Information provided:
= Beginning of Section =

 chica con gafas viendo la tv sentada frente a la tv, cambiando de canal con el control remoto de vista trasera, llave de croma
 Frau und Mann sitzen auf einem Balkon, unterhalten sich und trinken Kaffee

= End of Section =
= Beginning of Section =

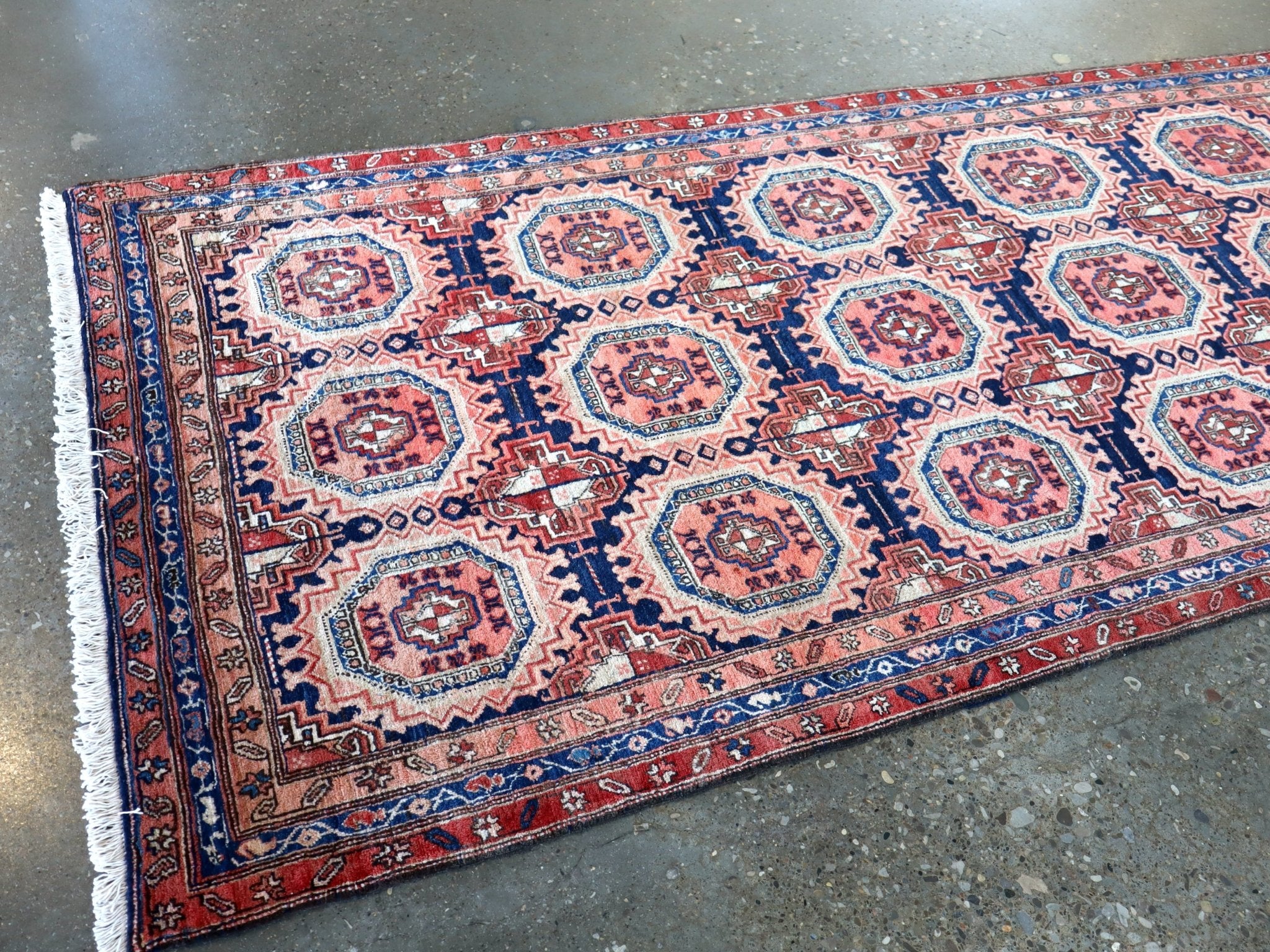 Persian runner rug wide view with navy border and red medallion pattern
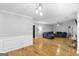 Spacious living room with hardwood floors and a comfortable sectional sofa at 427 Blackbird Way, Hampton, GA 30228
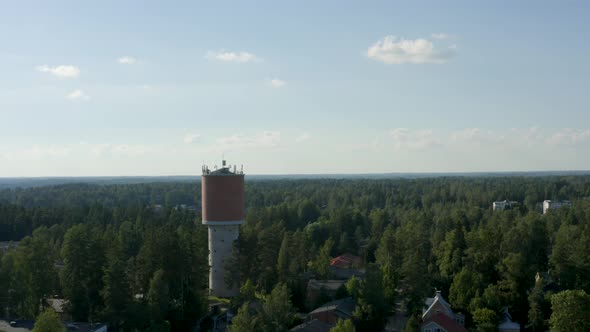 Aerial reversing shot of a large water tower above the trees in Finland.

= End of Section =

Try it: In the listing above, find the line with "Persian runner rug" and output it and every line after it up to and including the line with "Aerial reversing shot", exactly, minus the pictures.

Output:
 Persian runner rug wide view with navy border and red medallion pattern
 Spacious living room with hardwood floors and a comfortable sectional sofa at 427 Blackbird Way, Hampton, GA 30228
 Aerial reversing shot of a large water tower above the trees in Finland.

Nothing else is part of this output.